Federal consultation letter-writing toolkit

Use DWD Canada's new letter-writing toolkit to Voice Your Choice to the federal panel on assisted dying.

The best way to ensure your voice is heard is to draft a letter to the federal panel. The toolkit below outlines some suggestions as to how you can make the best of this submission.

You can submit your letter through the panel's online submissions portal, which has a 500-word limit. However, you can upload a text document if you wish to make a longer submission. However you decide to send in your comments, please take an extra moment and copy us at: federalconsultation@dyingwithdignity.ca

If you decide to mail in your letter, please send it to the following address no later than Oct. 1, 2015:

Secretariat to the External Panel on Options for a Legislative Response to Carter v. Canada
c/o Department of Justice Canada
284 Wellington Street
Ottawa, Ontario
K1A 0H8

Dear External Panel on Options for a Legislative Response to Carter v. Canada,

Executive summary:

In two or three bullet points, summarize your principle recommendations. Sample starter prompts include:

  • “Canadians deserve a compassionate approach to physician assisted dying…” or
  • “Considerations for safeguards should not become insurmountable barriers for people who are suffering intolerably from grievous and irremediable medical conditions…” or
  •  “I found the questions in your online survey troubling because…”

Body of your letter:

In clear, concise language, tell the External Panel that assisted dying legislation must protect vulnerable patients without creating unreasonable barriers to Canadians looking to exercise their right to physician assisted dying.
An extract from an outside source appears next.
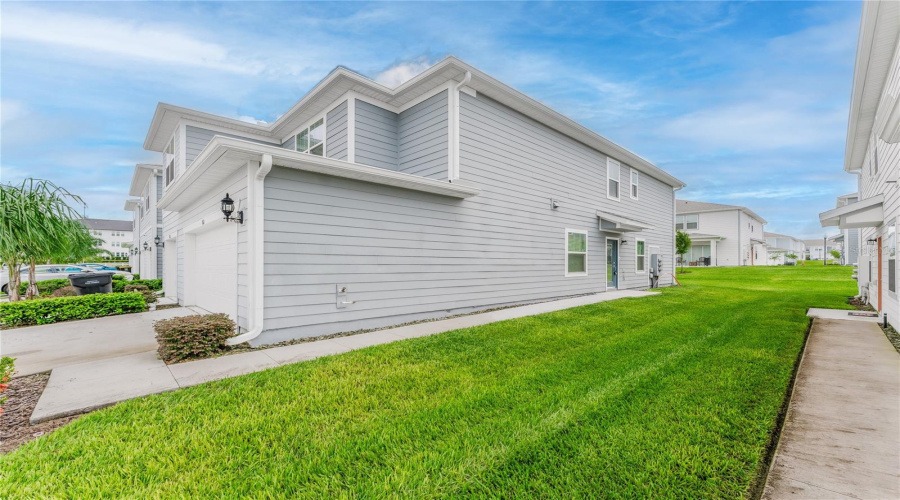 DAVENPORT, Florida 33896, 3 Bedrooms Bedrooms, ,2 BathroomsBathrooms,Residential,For Sale,DELIGHTFUL,0,MFRO6341365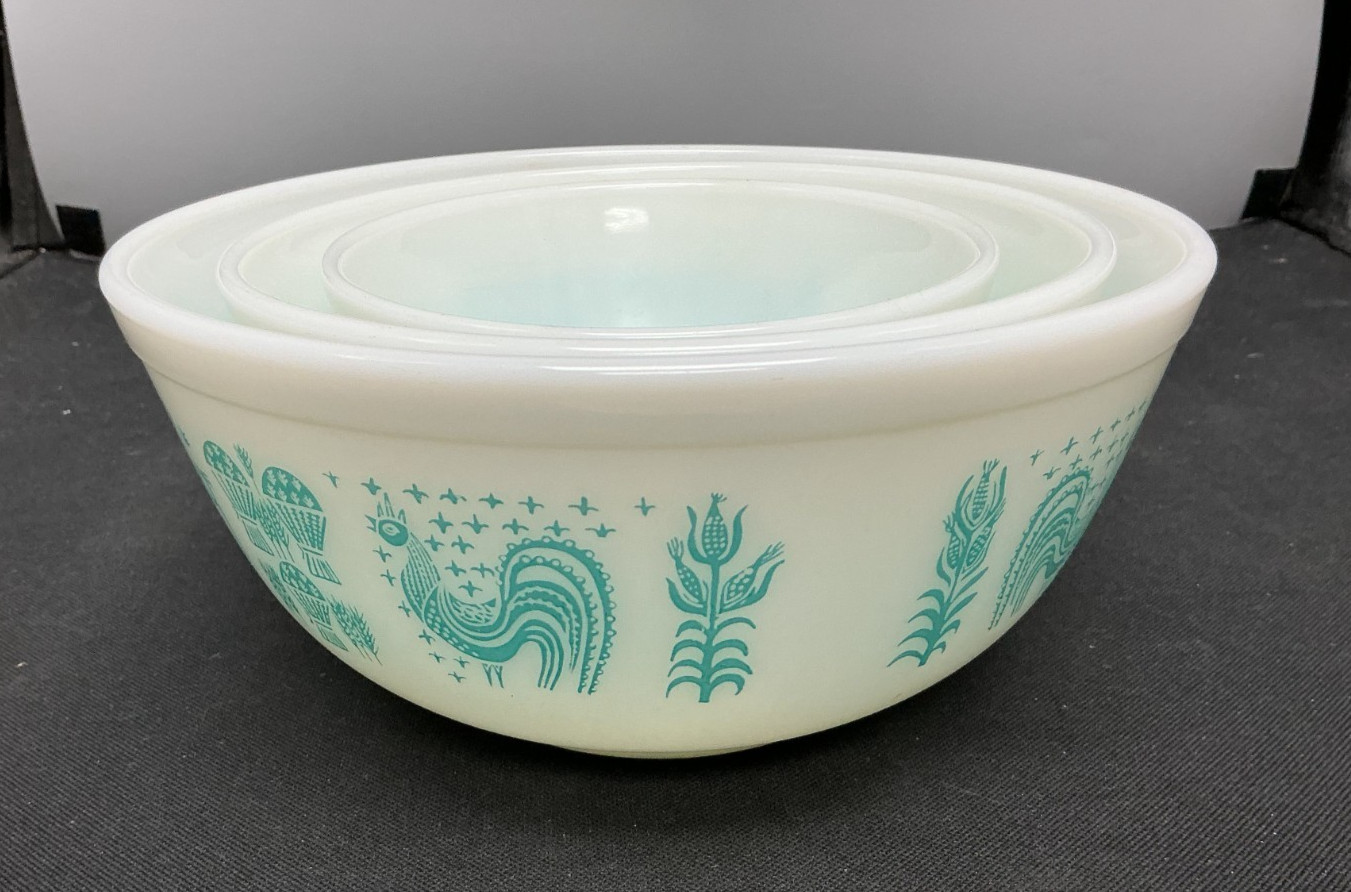 Vtg 50’s MCM Pyrex Amish Butterprint Nesting Mixing Bowls Set of 3 #401 402 403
For more background on our proposals for fair and just legislation, please see our DWD Canada's 2015 Draft Policy Framework. In your own words, you may wish to highlight the following issues that federal lawmakers can address in legislation.

1. Fundamental principles

  • Everyone, including people with disabilities, should have the support and resources necessary to live their life to full capacity.
  • Everyone who needs access to palliative care should have access regardless of where they live.
  • No one should ever feel coerced into hastening their own death because of a lack of support whether financial or emotional.

2. Eligibility criteria

  • In order to receive an assisted death, a patient must be a competent adult making a free, voluntary and informed decision. Physicians regularly assess patients’ competence to make life and death decisions. We rely on their expertise in assessing competence and determining when they need additional information to do so.
  • In order to receive an assisted death, a patient must have a grievous and irremediable medical condition (including an illness, disease or disability) and must be suffering intolerably. The Supreme Court determined it is the right of the patient to determine whether their suffering is unbearable to them.

 3. We need reasonable safeguards, not unreasonable barriers to access. 

  • An effective regime for assisted dying must address the risks that access is too easy and the risk that access is too difficult.
  • A second physician who is independent of the primary physician must provide written confirmation that the patient meets the criteria for access to physician assisted dying. This will ensure that the patient is competent and is not being coerced into a decision that they would not otherwise make.
  • A specialized capacity assessment may be sought by either physician if they have any uncertainty about the patient’s capacity to provide informed consent.
  • People who cannot speak or write should be able to present their request for a physician assisted death in writing or orally.
  • We do not support mandatory waiting periods because they are necessarily arbitrary and do not reflect individual circumstances. The determination of whether the request for assistance is enduring should be part of the doctor's assessment process. We believe physicians are best positioned to assess the need for waiting periods and should do so on a case-by-case basis.

Your conclusion

1. Summarize the crux of your letter. In a sentence or short paragraph, reiterate the main points you made in the executive summary.

2. Finish your letter by thanking the External Panel for their consideration. A little kindness goes a long way.



[Your name]

Other tips

Use personal experience. Include a personal story to illustrate why you’re passionate about making sure the federal approach to physician assisted dying is compassionate. Did you watch a loved one suffer in agony through a drawn-out terminal illness? Do you fear that you will face a similar fate? Make sure you include your comments about why you found the online survey troubling.

Include your professional qualifications/background, if appropriate. Do you have a background in the healthcare profession? If so, note it. In addition, state how your work has shaped your perspective on end-of-life care. If you don’t work in the health field, feel free to state your professional background, too. The government is asking for the input from people from all walks of life.